*** Stored data

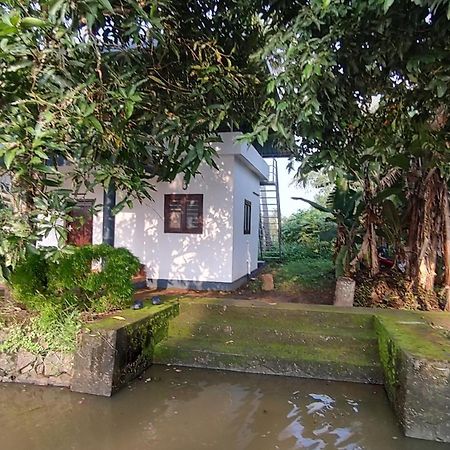 Valentine'S Rice Bowl Home Stay Alappuzha Exterior photo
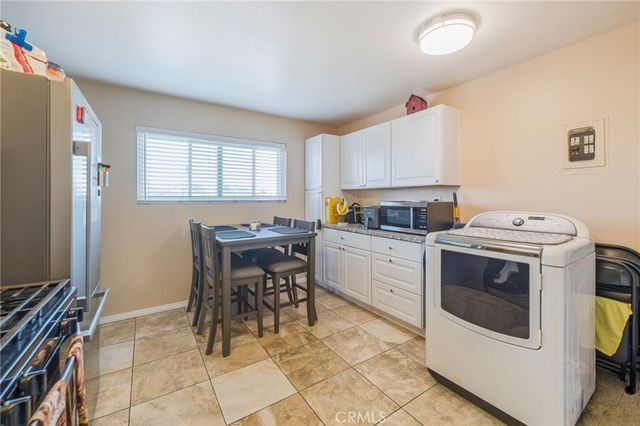 851 W Crestwood, San Pedro, CA 90731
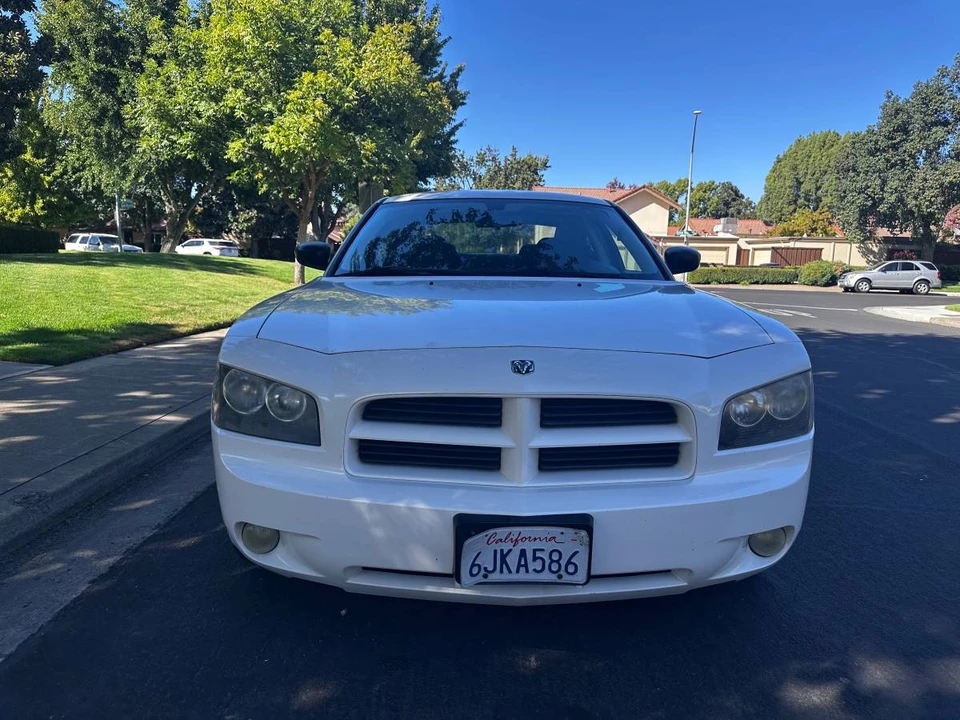 2008 Dodge Charger 6th Gen - Image 2 of 18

******

## [Work required]
Reproduce the whole of the data, word for word, and omit its pictures.

## [Response to the task]
 Valentine'S Rice Bowl Home Stay Alappuzha Exterior photo
 851 W Crestwood, San Pedro, CA 90731
 2008 Dodge Charger 6th Gen - Image 2 of 18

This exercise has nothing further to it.